I am working on a resting state pipeline that does preprocessing in fmriprep and then nipype/nilearn for smoothing and confound regression. After regression, I plan to compute correlation matrices for some ROIs, as well as create seed to voxel maps for group analysis.
Each subject has 2 or three runs. I have been able to do confound regression using nilearns clean_img function. However, now I am unsure how to best combine my runs in order to end up with a single correlation matrix (or single set of seed to voxel maps). Do I run confound regression, concatenate my runs into a single timeseries and then compute correlations from that? Or should I compute correlation matrices/correlation maps for each run and then average the resulting values?

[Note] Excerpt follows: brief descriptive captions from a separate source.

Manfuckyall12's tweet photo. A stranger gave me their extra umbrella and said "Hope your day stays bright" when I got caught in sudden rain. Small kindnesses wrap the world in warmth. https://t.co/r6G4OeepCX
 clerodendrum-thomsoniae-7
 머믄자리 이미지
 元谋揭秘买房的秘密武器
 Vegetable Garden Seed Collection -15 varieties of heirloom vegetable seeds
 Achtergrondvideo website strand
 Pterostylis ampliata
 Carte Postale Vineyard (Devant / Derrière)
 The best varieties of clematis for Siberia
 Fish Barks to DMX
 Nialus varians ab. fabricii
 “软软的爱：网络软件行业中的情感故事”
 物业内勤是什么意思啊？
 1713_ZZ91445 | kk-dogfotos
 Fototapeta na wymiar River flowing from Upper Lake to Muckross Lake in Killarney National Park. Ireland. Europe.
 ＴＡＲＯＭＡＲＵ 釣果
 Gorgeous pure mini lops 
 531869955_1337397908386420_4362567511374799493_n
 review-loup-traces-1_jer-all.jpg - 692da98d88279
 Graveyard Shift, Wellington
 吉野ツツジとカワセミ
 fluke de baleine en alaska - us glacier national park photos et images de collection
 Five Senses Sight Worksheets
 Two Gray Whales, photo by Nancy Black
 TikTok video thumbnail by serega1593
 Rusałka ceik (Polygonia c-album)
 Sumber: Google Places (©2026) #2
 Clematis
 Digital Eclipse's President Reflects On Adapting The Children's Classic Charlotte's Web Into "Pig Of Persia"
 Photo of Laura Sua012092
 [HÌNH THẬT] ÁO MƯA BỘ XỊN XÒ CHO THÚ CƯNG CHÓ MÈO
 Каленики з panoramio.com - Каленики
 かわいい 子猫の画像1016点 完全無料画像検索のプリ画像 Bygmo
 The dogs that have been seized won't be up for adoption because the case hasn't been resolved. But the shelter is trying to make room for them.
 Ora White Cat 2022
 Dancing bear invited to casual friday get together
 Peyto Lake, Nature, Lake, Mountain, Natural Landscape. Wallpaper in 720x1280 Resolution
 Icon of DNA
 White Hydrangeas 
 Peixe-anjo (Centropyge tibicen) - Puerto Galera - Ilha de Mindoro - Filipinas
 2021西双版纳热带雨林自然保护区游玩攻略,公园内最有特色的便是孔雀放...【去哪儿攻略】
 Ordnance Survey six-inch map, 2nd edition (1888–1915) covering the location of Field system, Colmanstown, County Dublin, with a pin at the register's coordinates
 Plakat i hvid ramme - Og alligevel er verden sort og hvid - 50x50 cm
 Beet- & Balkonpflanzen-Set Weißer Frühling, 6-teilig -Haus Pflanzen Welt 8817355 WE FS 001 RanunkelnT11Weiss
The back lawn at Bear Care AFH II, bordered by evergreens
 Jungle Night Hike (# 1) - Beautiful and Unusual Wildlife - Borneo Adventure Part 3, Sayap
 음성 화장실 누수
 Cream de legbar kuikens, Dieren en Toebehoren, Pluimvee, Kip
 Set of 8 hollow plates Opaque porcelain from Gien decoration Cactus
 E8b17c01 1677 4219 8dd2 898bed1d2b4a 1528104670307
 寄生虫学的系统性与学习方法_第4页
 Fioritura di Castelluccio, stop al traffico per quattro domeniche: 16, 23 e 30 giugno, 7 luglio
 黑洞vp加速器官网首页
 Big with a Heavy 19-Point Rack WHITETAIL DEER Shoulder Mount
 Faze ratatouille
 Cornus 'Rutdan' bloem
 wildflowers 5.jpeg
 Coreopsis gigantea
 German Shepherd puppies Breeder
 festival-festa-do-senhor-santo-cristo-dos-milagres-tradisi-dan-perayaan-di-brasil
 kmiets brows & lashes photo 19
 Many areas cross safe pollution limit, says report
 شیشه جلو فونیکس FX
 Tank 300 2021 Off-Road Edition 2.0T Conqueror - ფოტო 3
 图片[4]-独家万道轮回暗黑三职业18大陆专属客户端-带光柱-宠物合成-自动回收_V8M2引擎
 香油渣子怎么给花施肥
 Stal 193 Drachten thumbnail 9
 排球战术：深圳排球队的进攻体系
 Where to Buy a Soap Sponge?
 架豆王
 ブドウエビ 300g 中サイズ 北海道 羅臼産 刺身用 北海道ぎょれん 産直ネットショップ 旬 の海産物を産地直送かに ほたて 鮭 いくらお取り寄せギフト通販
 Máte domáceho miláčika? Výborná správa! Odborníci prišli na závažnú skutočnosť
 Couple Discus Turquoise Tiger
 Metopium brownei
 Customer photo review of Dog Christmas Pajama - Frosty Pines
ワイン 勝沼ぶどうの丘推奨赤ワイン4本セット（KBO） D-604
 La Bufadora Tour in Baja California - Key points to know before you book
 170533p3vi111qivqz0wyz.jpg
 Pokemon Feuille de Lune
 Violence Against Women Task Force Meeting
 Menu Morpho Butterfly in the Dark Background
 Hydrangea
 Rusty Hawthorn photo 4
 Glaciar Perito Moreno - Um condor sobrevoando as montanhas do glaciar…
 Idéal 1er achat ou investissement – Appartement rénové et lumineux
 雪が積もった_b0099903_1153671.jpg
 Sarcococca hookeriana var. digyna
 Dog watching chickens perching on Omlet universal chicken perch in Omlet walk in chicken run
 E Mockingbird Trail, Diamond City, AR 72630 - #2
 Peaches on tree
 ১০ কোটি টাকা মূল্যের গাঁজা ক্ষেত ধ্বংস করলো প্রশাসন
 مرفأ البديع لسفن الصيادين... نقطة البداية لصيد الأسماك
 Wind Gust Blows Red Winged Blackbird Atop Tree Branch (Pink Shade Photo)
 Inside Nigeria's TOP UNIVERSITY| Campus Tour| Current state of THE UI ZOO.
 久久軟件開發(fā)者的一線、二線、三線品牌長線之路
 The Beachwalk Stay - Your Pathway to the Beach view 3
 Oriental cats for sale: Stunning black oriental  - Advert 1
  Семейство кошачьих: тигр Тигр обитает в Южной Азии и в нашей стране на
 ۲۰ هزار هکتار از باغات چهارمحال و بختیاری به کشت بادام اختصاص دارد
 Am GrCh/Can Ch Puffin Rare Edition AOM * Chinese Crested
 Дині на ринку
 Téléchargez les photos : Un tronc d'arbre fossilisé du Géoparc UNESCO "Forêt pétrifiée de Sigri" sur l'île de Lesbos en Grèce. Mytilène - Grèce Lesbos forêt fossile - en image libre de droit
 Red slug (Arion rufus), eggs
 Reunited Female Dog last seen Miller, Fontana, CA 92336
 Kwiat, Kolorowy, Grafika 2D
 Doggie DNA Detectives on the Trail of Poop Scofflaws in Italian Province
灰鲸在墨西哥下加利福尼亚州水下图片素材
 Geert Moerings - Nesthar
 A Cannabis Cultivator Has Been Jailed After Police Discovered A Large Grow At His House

Both options are possible, but I would advise to compute corrlation matrices firstn then average them. At least, you can check visually whether they are consistent enough (detect outlier sessions etc).
HTH,
Bertrand
So for ROI to ROI correlations, compute them for each run and compute a mean; for seed to voxel make a correlation map for each run and then compute a mean image? Should I transform to fisher’s z scores first? I don’t know if it matters, but I know seemingly benign choices can sometimes have unintended consequences in neuroimaging.
Also, should I weight be number of time points, so if one run has more clean data (after scrubbing high motion), it is being weighted more heavily in the average?
Yes, I feel it’s better to transform-then-average, since the transformation makes statistical behavior more standard, so that operations like averaging are better posed.
No experience with that. This sounds OK. My expectation is that these decisions have limited impact on the outcome (if they do, it means that the results should be regarded with caution).